LAS VEGAS — The U women’s basketball team did everything but bow down and hail Colorado State’s Amaka Uzomah on Wednesday night.
The self-proclaimed “Queen” proved to be the difference in the game, grabbing 15 rebounds — 12 of which were in the second half — and the Rams snuck away from the Thomas & Mack Center with the biggest upset of the conference year.
“I was hoping to get 18, but a couple of them slipped,” Uzomah said. “What can I say? I guess I’m just the rebounding queen.”
The Utes were able to keep Uzomah off the glass in the first half, holding her to only three rebounds while her counterpart on the Utah side, Katie King, pulled down seven boards of her own.
The second half, however, was a different story. King was only able to pull down one rebound, and the 6-foot junior Uzomah bullied the Utes up and down the floor, snagging four offensive and eight defensive rebounds in the latter half to ensure the upset.
“When I got into the locker room and looked at my stats and saw that I only had three rebounds, I was like, ‘I got to come out and rebound,'” Uzomah said. “I just kept telling myself, ‘Don’t get into foul trouble, go to the boards hard and rebound the heck out of it like you know how.'”
Uzomah was most effective down the stretch, pulling down six rebounds in the final five minutes of the game. Seemingly every time Utah needed a defensive rebound to preserve the comeback attempt, the junior would pound her way to the offensive glass and the Rams would score a crucial field goal.
“She’s a really good player, and she showed a lot of intensity tonight,” Utah guard Morgan Warburton said.

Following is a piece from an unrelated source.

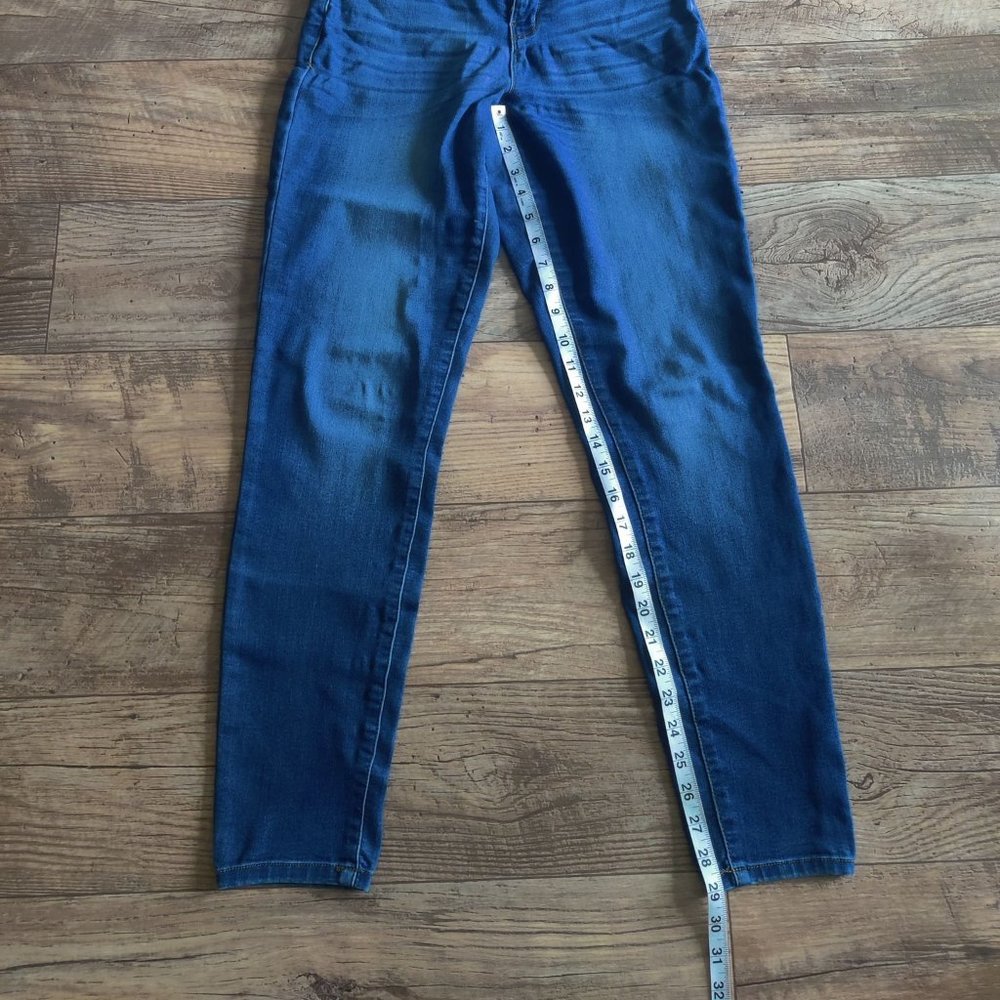 LEI womens blue jeans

The undersized Utes could literally only watch as Uzomah played the carom time and time again. Utah head coach Elaine Elliott would often put two or three Utah bodies on the junior and she would still pull in the board.
“You mean put three to (box) her out, we should have used 10 to (box) her out,” Utah head coach Elaine Elliott said. “She was just a horse. She did a great job on the boards. All of the credit is hers.”

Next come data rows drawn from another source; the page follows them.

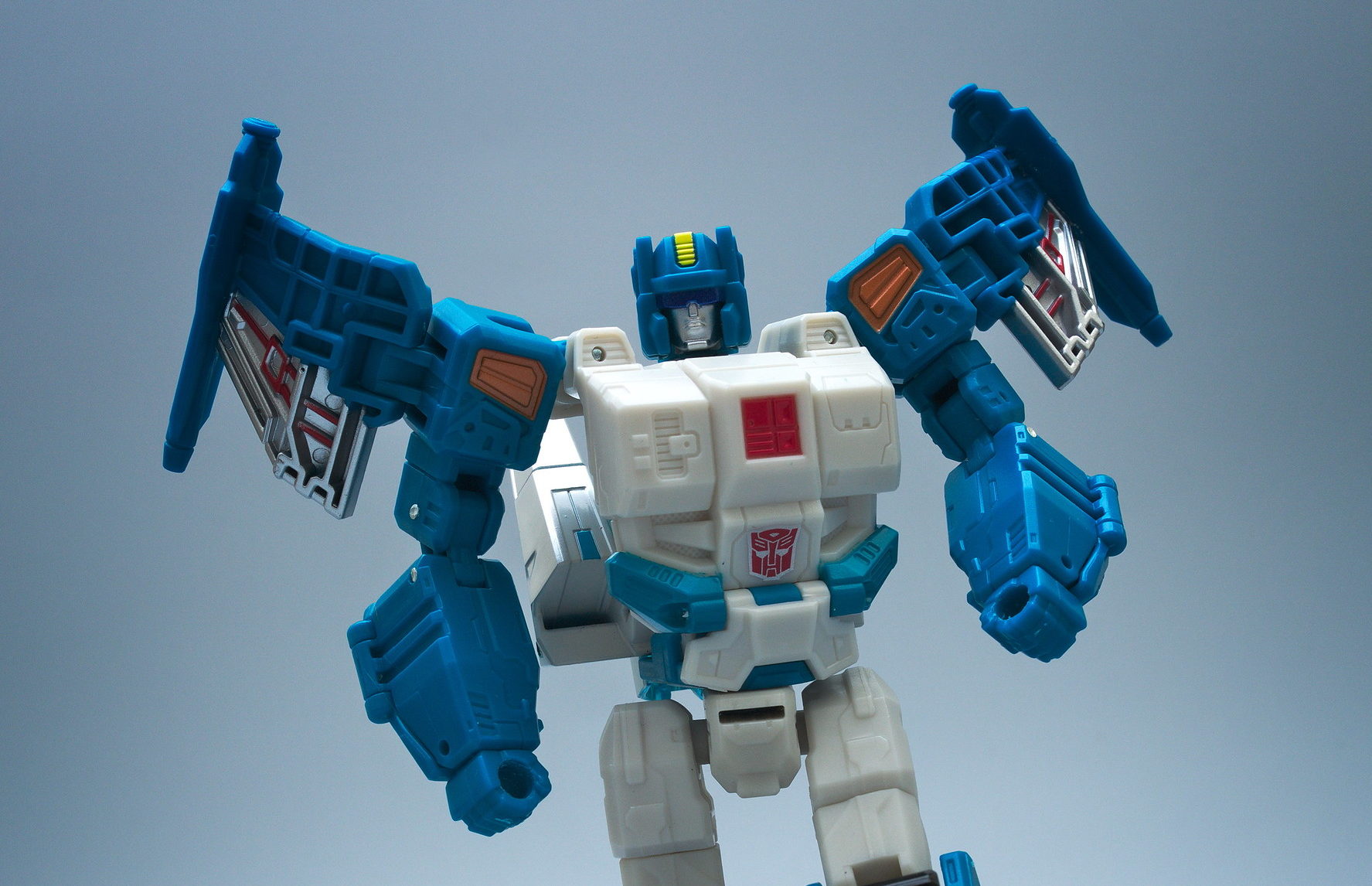 Topspin Generation 1 in blue and white looking straight
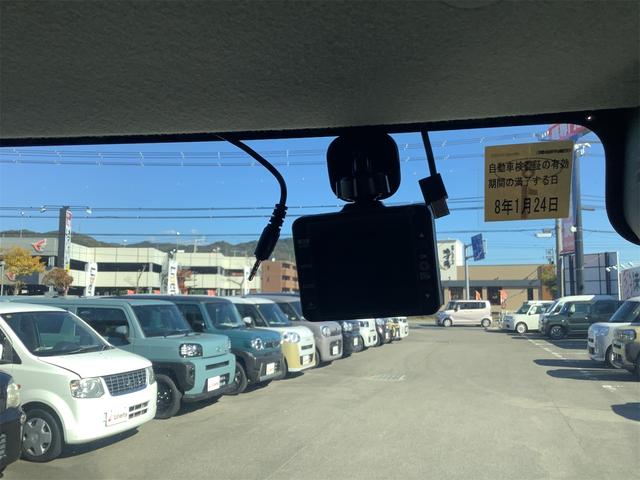 スペーシアカスタム ハイブリッドＸＳターボ　ナビ　全周囲カメラ　ＥＴＣ　両側電動スライドドア　ＴＶ　クリアランスソナー　オートクルーズコントロール　レーンアシスト　衝突被害軽減システム　スマートキー　アイドリングストップ（80枚目）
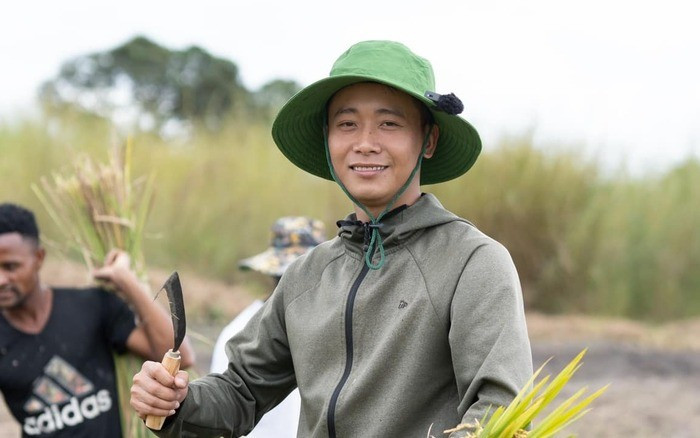 Hằng Du Mục tiếp tục bị tố quảng cáo lố, Quang Linh Vlog khóa Facebook ảnh 2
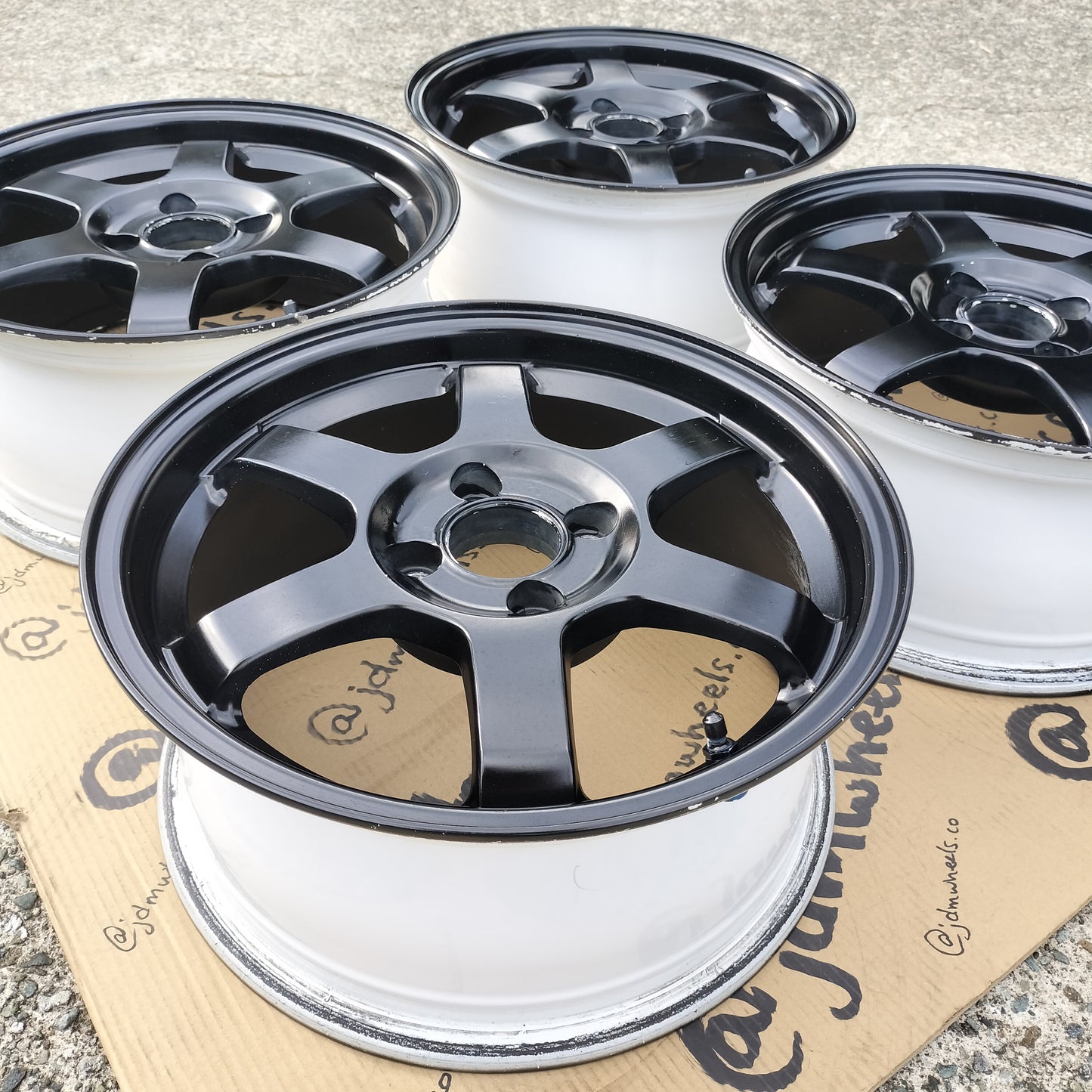 Rays Volk TE37 15x7+35 4x100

Uzomah was the colossal reason behind the Rams’ 24-14 rebounding advantage in the second half. Utah forward Kalee Whipple was able to pull down 11 rebounds and King finished the game with eight, but no other Ute finished the game with more than two boards.
If nothing else, the Rams exposed a glaring weakness in the Ute defense — the inability to cover a big body in the post.
“Towards the end, when it was time to make plays, I think they made more plays than we did,” Utah guard Leilani Mitchell said. “And they did a good job on the boards. You know, they were aggressive. I think we kind of shied away from that.”